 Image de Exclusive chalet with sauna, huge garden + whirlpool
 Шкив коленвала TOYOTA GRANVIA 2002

§

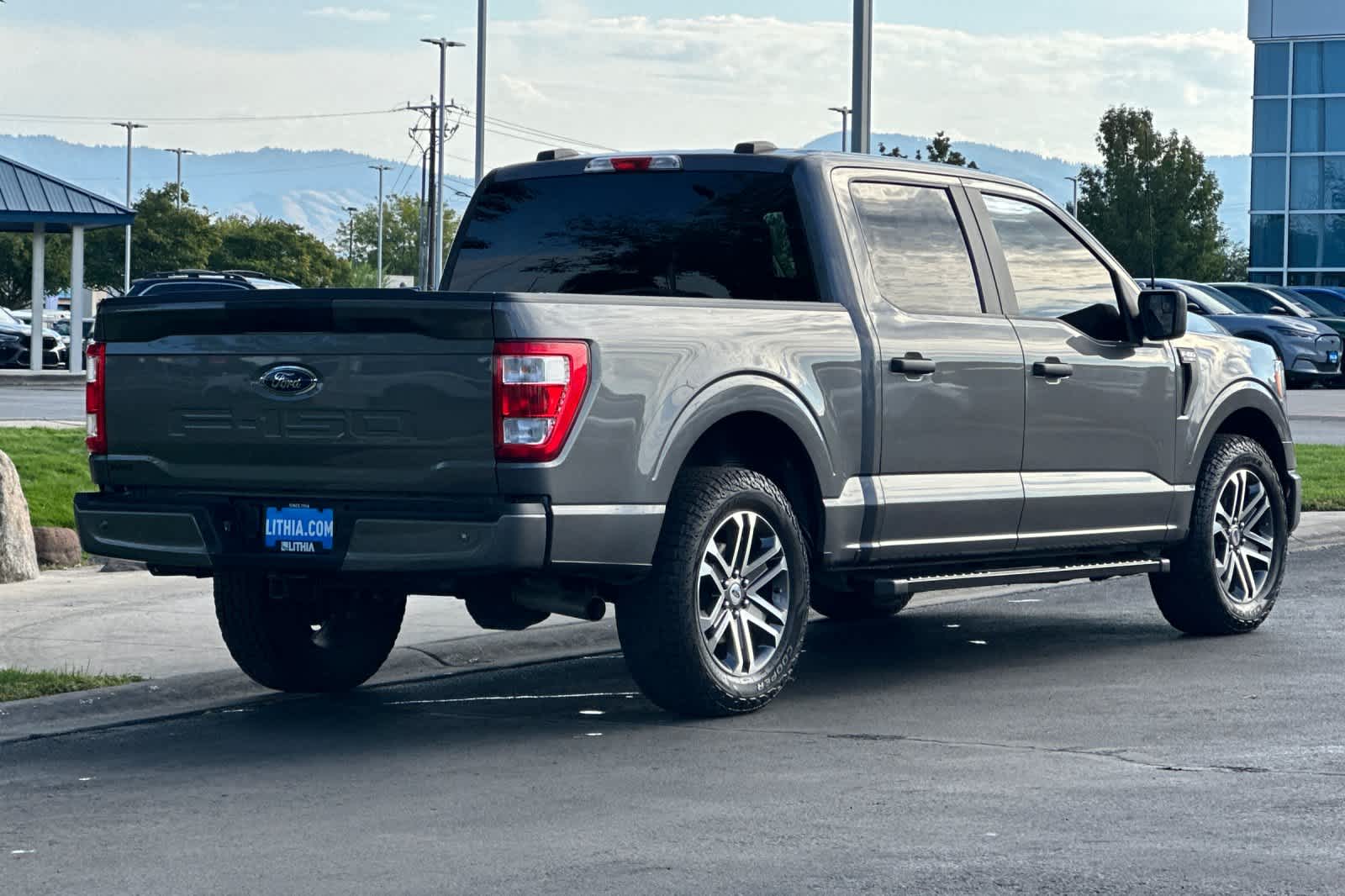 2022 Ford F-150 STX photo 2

§

Reproduce exactly the lines of the records above from the one with "Image de Exclusive" to the one with "Шкив коленвала TOYOTA GRANVIA 2002", both included, and leave out everything else.

• _Exercise solution_:
 Image de Exclusive chalet with sauna, huge garden + whirlpool
 Шкив коленвала TOYOTA GRANVIA 2002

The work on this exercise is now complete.